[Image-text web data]
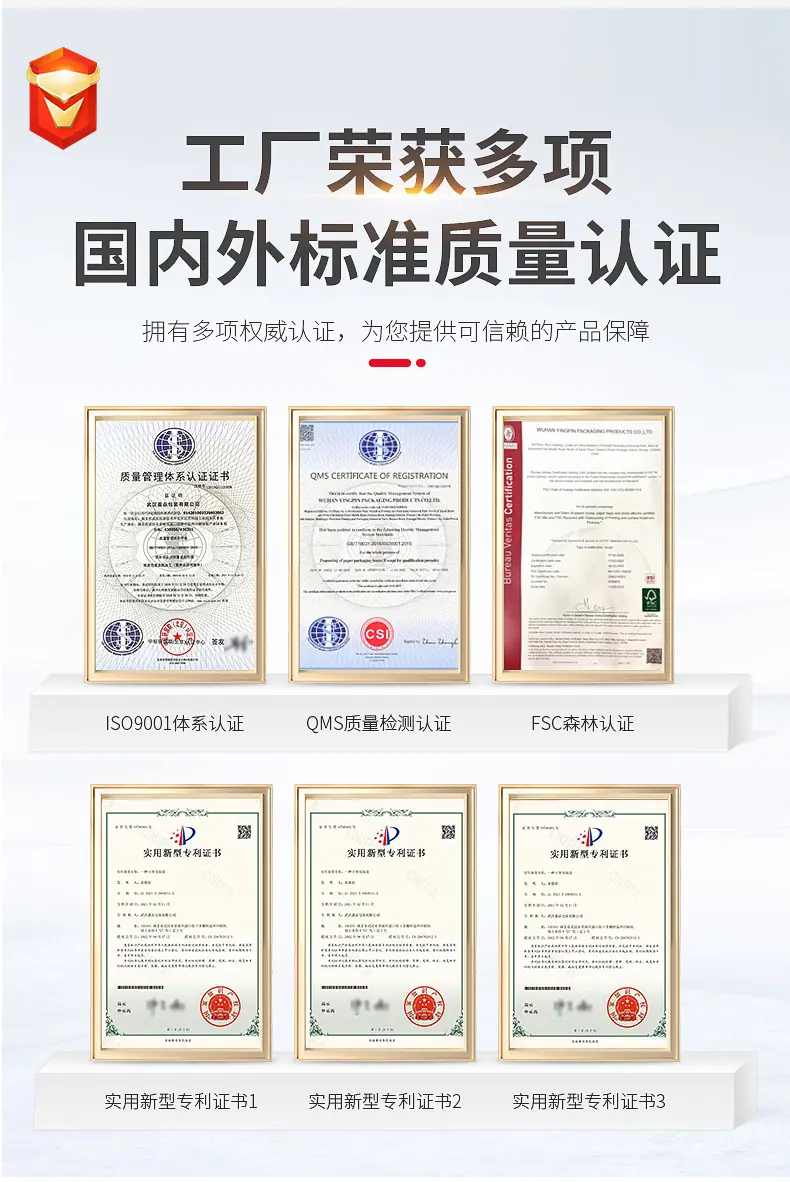 详情_04.jpg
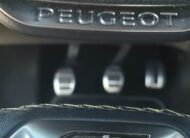Peugeot 2008 BlueHDi 100 S&S GT Line 2020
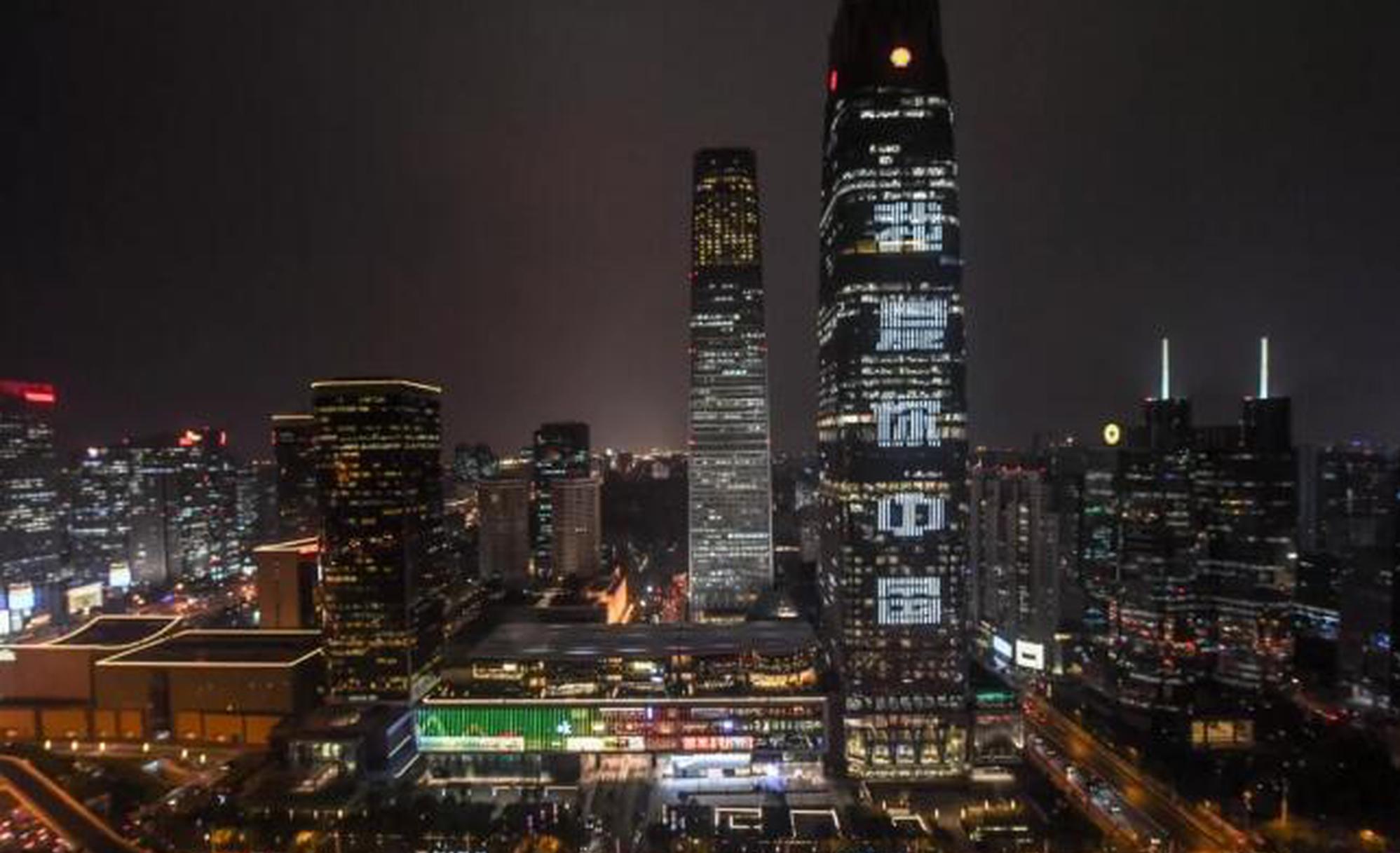 A new study showed that owning a dog reduces the risk of heart disease in older adults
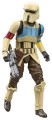figurki-star-wars-black-series-scarif-magma-stormtrooper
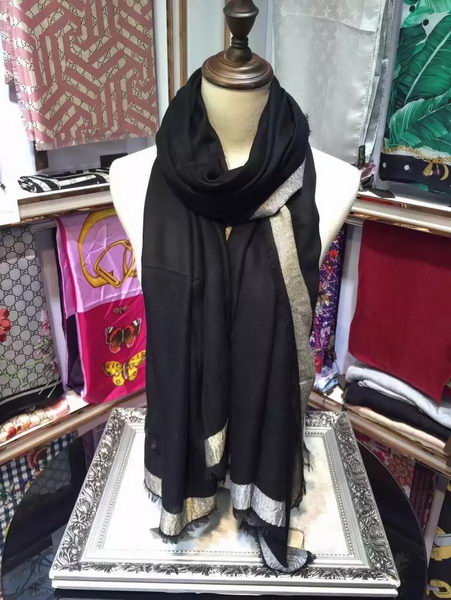 Chanel Scarf CCS8331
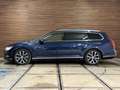 Volkswagen Passat Variant 2.0 TDI Connected Series Plus | Pano | Adaptive Cr Bleu - thumbnail 34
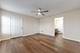 898 Fuller, Belvidere, IL 61008
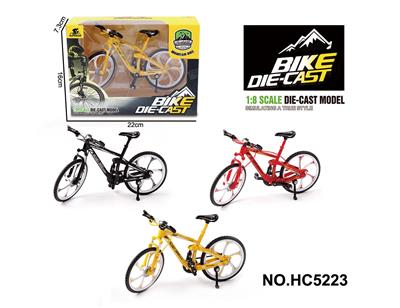 Die-cast toys - OBL10172742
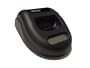Hi-Capacity Cell Phone Charger for Motorola V Phone 3600 series & Timeport P7389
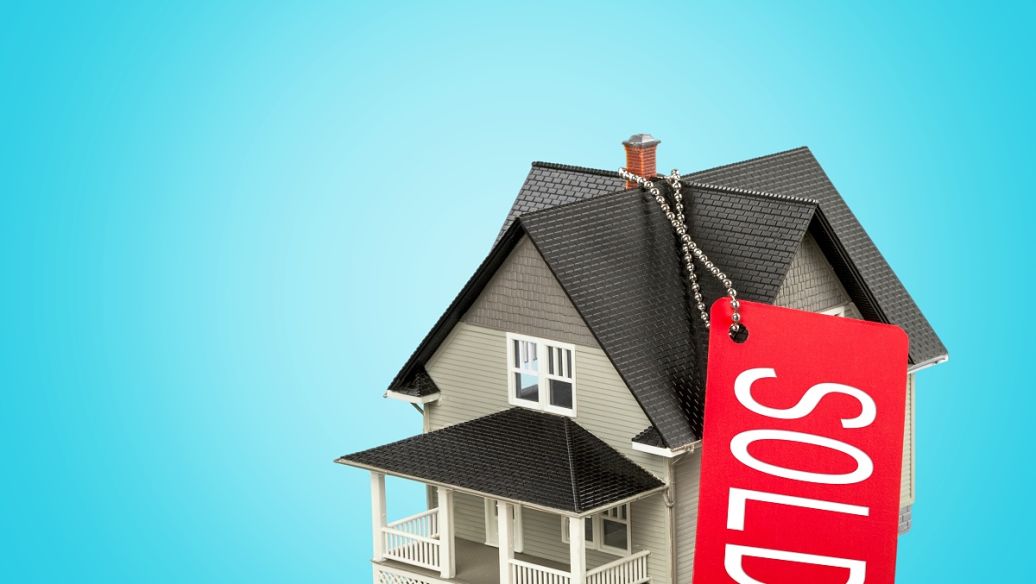 湛江申请贷款负债高可以做吗？可以做的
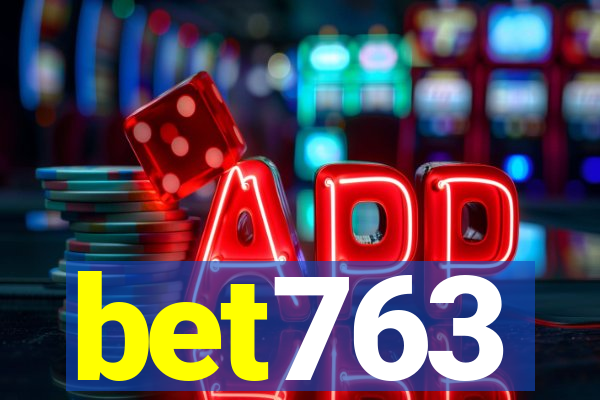 bet763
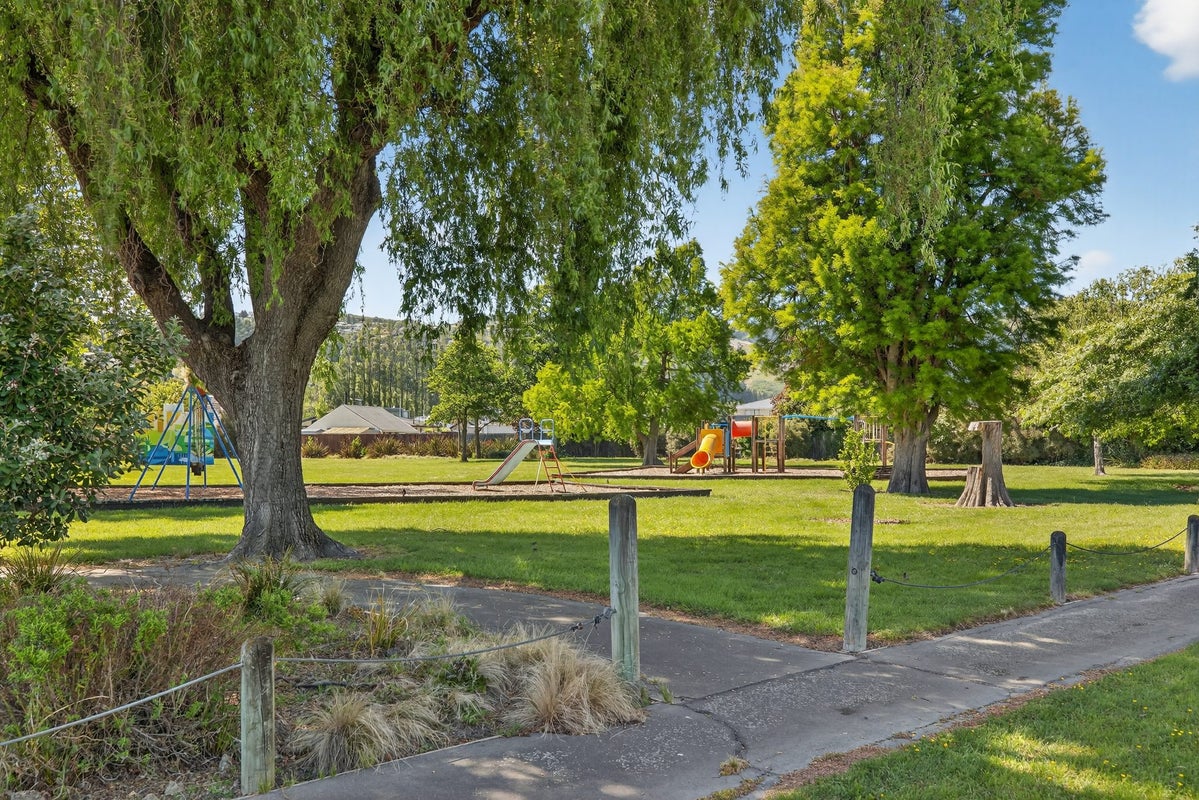 25 Waipara Street, Cracroft, Christchurch - Carousel 28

> **Exercise directions**
Print each entry shown above with exact wording and no pictures.

> **Solution to the exercise**
 详情_04.jpg
Peugeot 2008 BlueHDi 100 S&S GT Line 2020
 A new study showed that owning a dog reduces the risk of heart disease in older adults
figurki-star-wars-black-series-scarif-magma-stormtrooper
 Chanel Scarf CCS8331
 Volkswagen Passat Variant 2.0 TDI Connected Series Plus | Pano | Adaptive Cr Bleu - thumbnail 34
 898 Fuller, Belvidere, IL 61008
 Die-cast toys - OBL10172742
Hi-Capacity Cell Phone Charger for Motorola V Phone 3600 series & Timeport P7389
 湛江申请贷款负债高可以做吗？可以做的
 bet763
 25 Waipara Street, Cracroft, Christchurch - Carousel 28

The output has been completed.